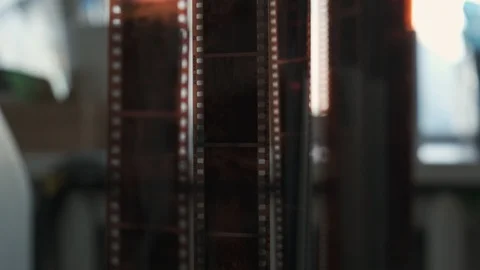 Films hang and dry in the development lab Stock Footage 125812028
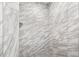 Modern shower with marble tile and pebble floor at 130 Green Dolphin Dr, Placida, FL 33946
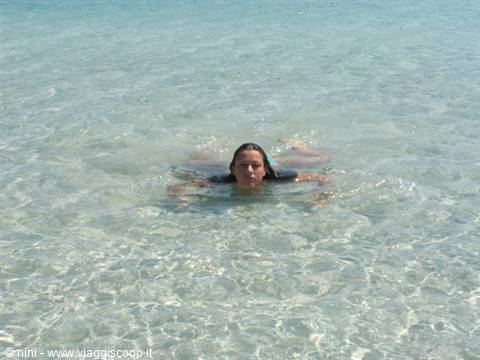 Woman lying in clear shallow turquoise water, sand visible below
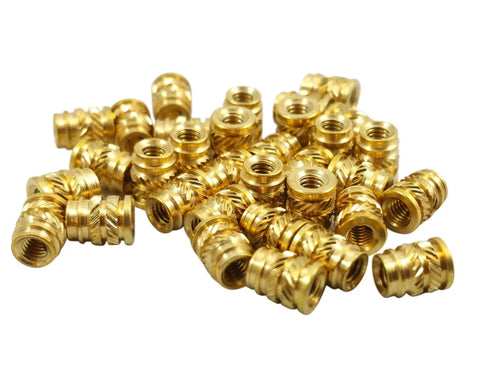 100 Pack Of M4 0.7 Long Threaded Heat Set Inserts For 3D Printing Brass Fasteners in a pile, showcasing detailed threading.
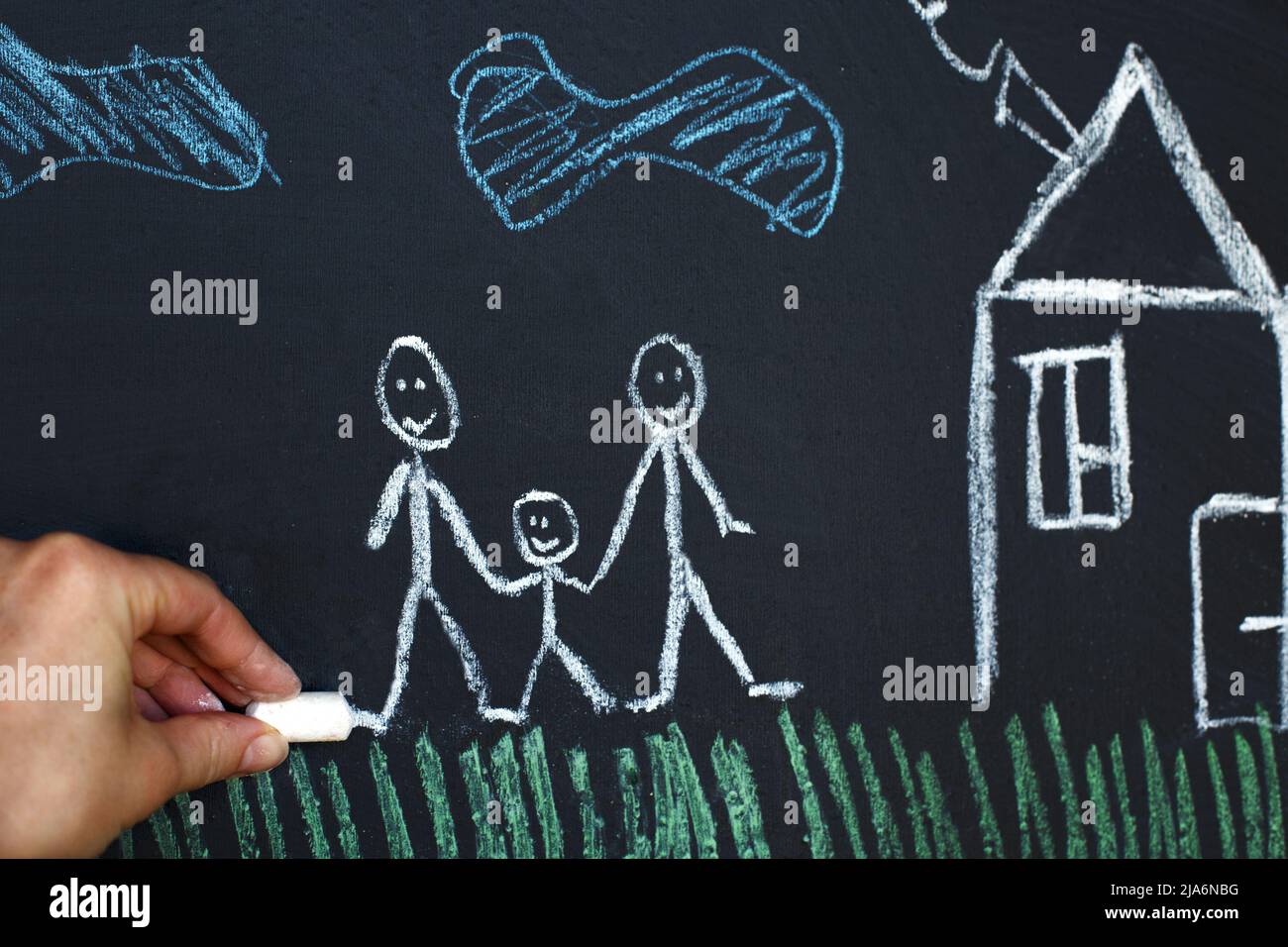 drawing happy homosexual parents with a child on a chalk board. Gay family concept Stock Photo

...

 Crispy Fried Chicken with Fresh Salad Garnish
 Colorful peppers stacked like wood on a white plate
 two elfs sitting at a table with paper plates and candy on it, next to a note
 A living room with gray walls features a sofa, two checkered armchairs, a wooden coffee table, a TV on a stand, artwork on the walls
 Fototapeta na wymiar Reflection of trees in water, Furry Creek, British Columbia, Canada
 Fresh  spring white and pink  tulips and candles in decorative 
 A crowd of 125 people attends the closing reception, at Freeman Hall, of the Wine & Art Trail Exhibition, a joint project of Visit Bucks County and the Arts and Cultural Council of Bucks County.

--

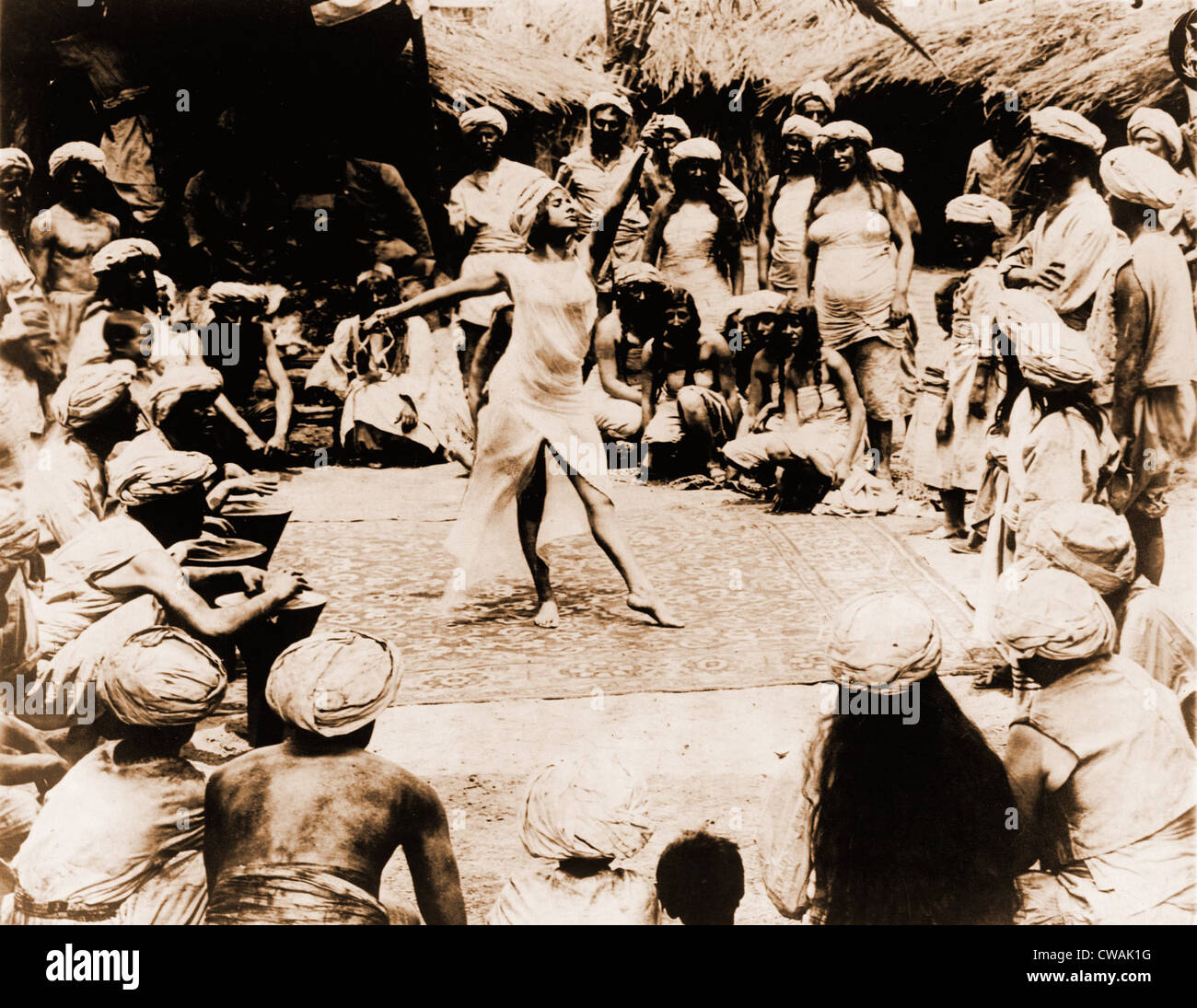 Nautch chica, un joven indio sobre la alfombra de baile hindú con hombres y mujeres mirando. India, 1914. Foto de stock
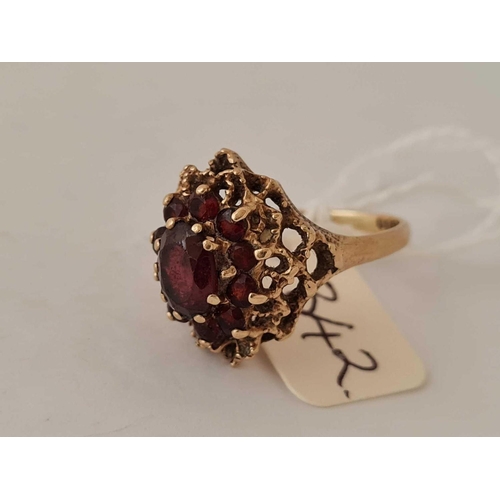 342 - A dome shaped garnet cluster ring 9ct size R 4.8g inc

### Required work
Whenever the word "table" shows up in a line of the entries, copy that line.

### Response to this exercise
 two elfs sitting at a table with paper plates and candy on it, next to a note
 A living room with gray walls features a sofa, two checkered armchairs, a wooden coffee table, a TV on a stand, artwork on the walls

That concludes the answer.